La bambina fantasma: una strana e triste storia che si intreccia con le sovrastrutture legislative e, forse, con i muri di gomma delle questioni di diritto quando esse non vanno nel verso dei cittadini. Si parla di quell’ombra di incertezza che avvolge la vita di una bambina dalla sua nascita. La bimba vive in un tranquillo comune della provincia di Vicenza. E’ certo che è nata nel 2019, ma la sua esistenza finora è stata adombrata da una serie di complicazioni legali che le hanno negato un nome, una tessera sanitaria e persino un documento di identità.
L’intricato labirinto legale in cui si trova, suo malgrado, impantanata, trova le sue radici nel momento della sua nascita. La bimba è nata in una clinica di Kiev attraverso la maternità surrogata. I suoi genitori, desiderosi di portare nella loro vita un amore tanto atteso, non pensavano di doversi scontrare con la decisione delle autorità italiane di rifiutare la trascrizione dell’atto di nascita.

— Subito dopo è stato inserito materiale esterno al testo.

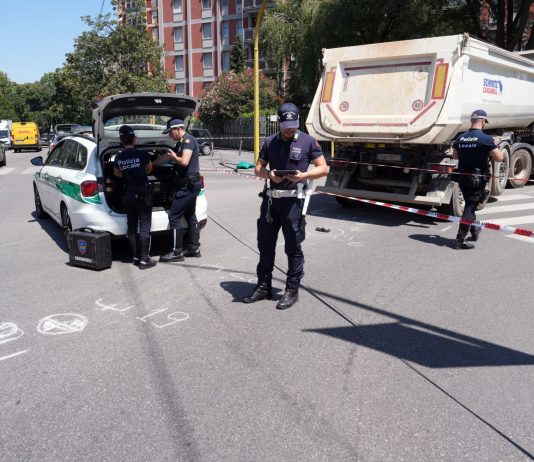 Mezzo pesante investe una donna in bicicletta a Milano, morta in ospedale la 67enne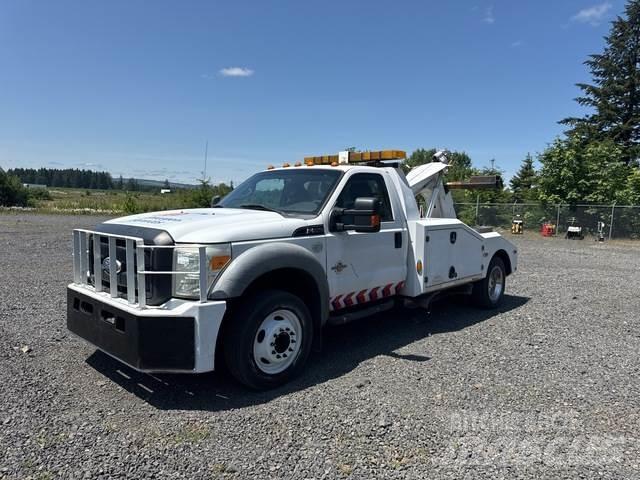 Ford F-550 Pagalbos kelyje automobiliai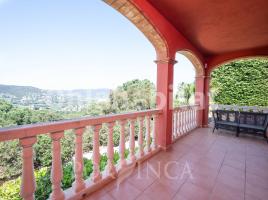 Casa (unifamiliar aislada), 230 m², cerca de bus y tren, seminuevo
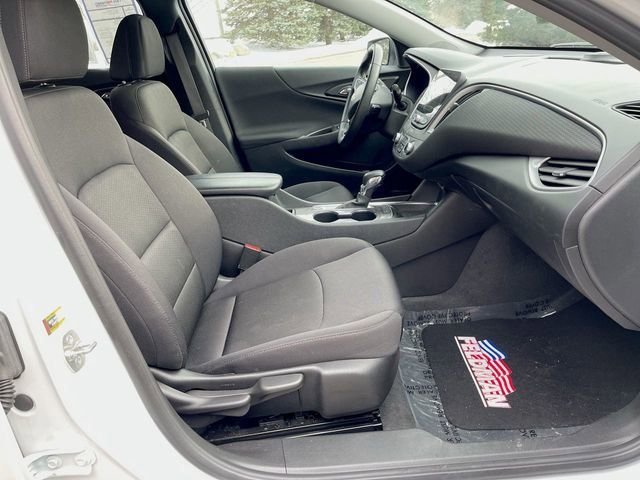 Used 2024 Chevrolet Malibu LT w/ Sport Edition image 27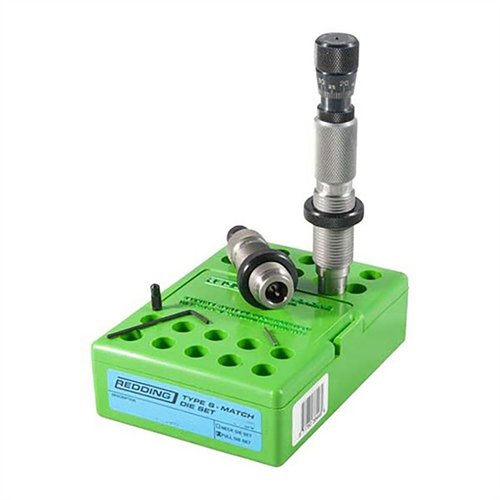 Le set de dies Redding Type S Match permet un redimensionnement complet tout en contrôlant précisément le col de douille, avec des bushings interchangeables.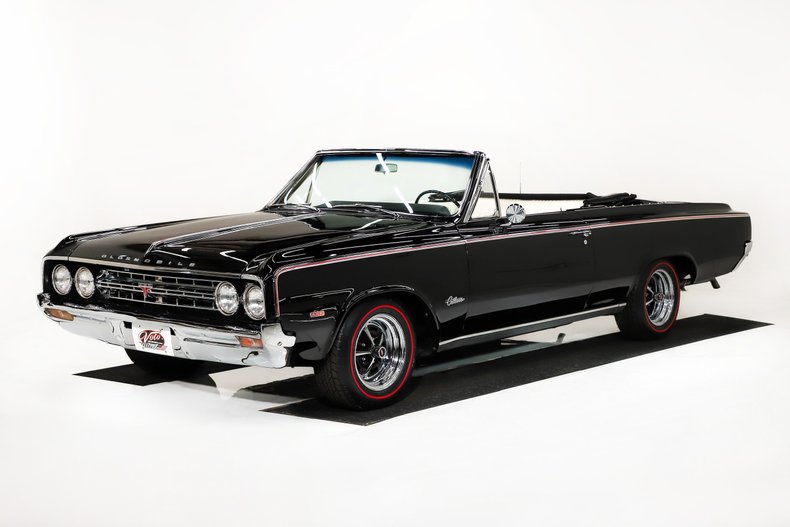 Unknown-Cutlass-1964-Ebony-Black-White-25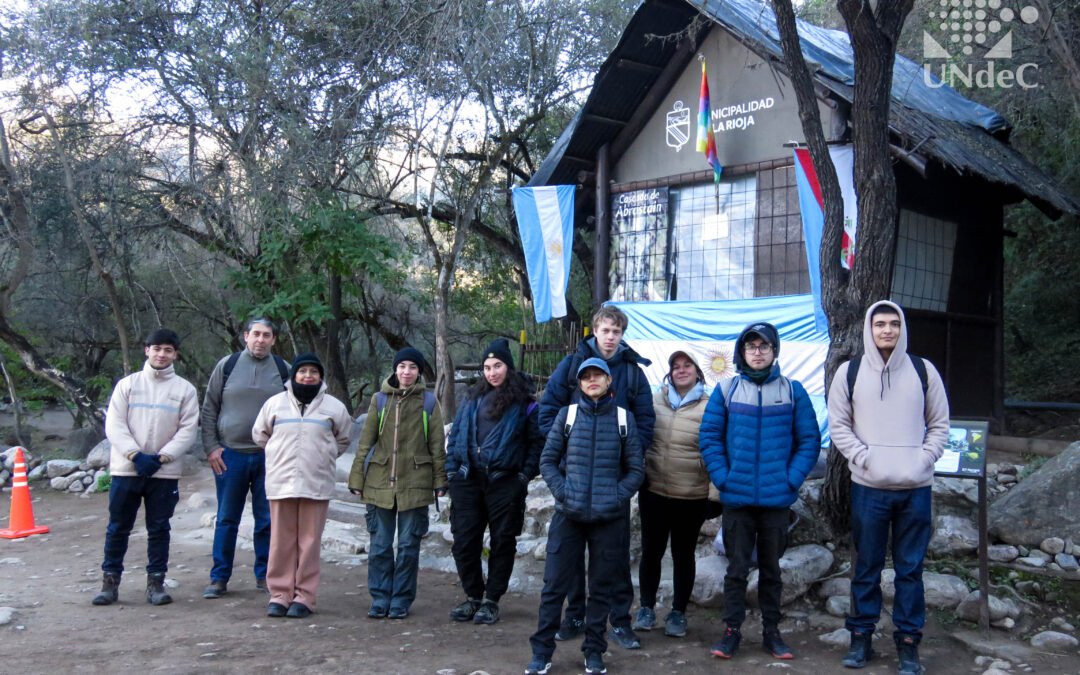 Académicas – Estudiantes de Ciencias Biológicas UNdeC realizaron jornada de campo en la reserva Juan Caro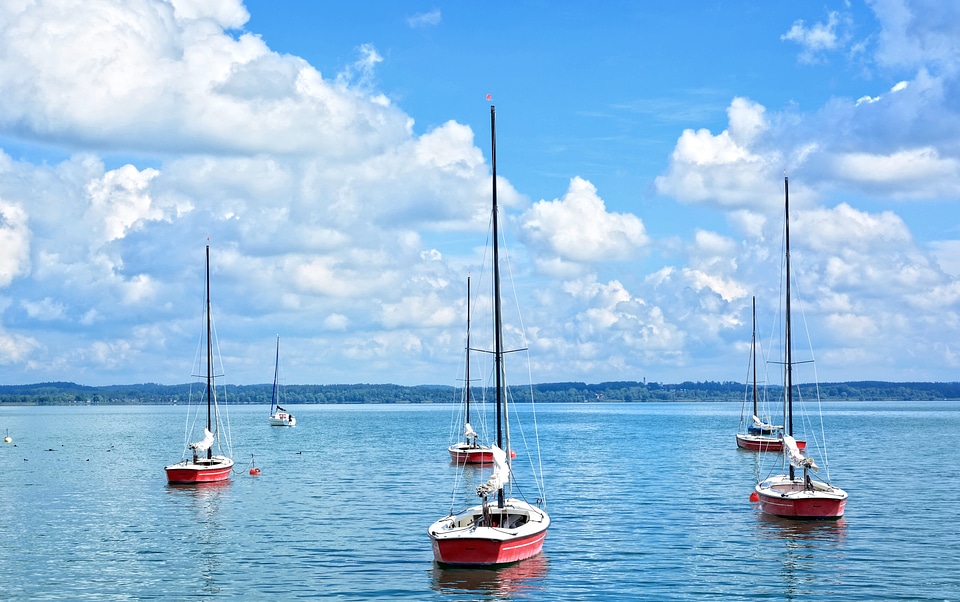 Boat masts masts lake photo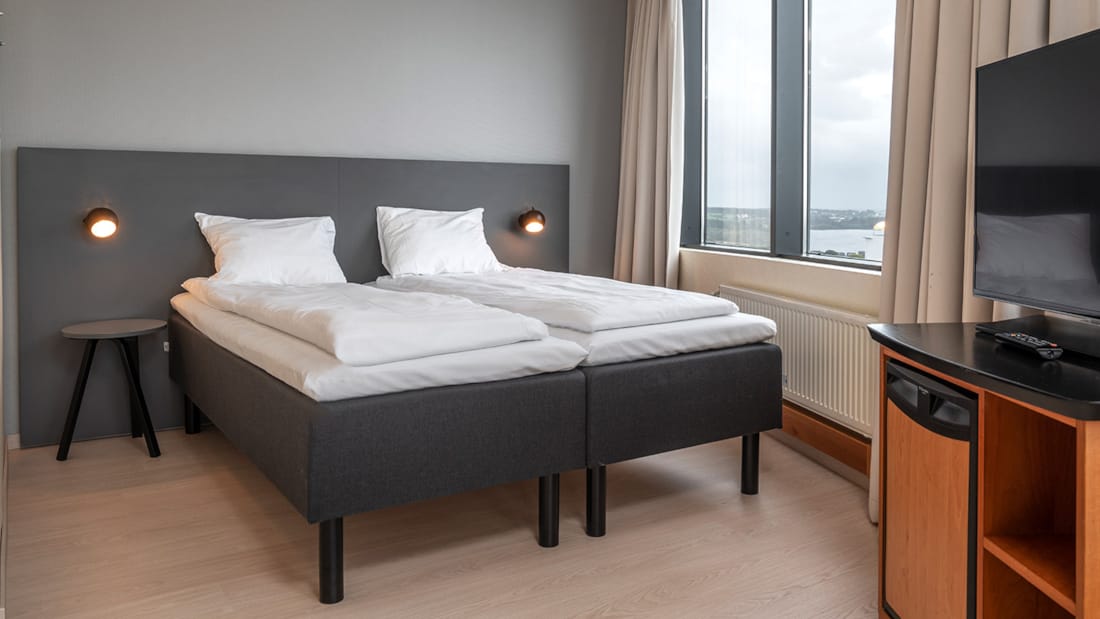 Tweepersoonsbed in gezinskamer van het Stavanger Forum Hotel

Una decisione che ha proiettato la piccola e la sua famiglia in un groviglio burocratico che dura da oltre quattro anni.
La querelle legale ha attraversato diverse tappe. Al tribunale di Vicenza, dove il ricorso dei genitori è stato respinto in prima istanza, è stato ribadito il principio di una sentenza della Cassazione datata 2019, che ha stabilito che trascrivere il genitore intenzionale di un bambino nato attraverso maternità surrogata sarebbe contrario all’ordine pubblico.
La Corte d’Appello a Venezia ha successivamente confermato il rifiuto di trascrivere i nomi dei genitori, oltre a negare il riconoscimento del padre biologico sulla base di prove del DNA.
Con tutte le opzioni interne esaurite, la coppia si è rivolta alla Corte Europea dei Diritti dell’Uomo, cercando il riconoscimento della loro situazione unica.
Si tratta di una storia che mette in luce le complessità che emergono quando si affrontano questioni relative alla maternità surrogata attraverso confini internazionali.
La “bambina fantasma”, privata dei diritti e di quell’identità che spetta a ogni individuo, incarna la necessità di una riflessione più profonda sulla necessità di leggi chiare e, se possibile, compassionevoli che affrontino situazioni uniche come la sua.
Povera piccola. Capisco la gioia di voler diventare genitori e l’onere di andare lontano per diventarlo. Francamente, se sai che le leggi del tuo paese non lo permettono, perché arrecarti dolore e arrecarlo alla bimba coinvolgendo tutti in una lotta che sa di sfida? Ci sono tanti bambini che aspettano di essere amati.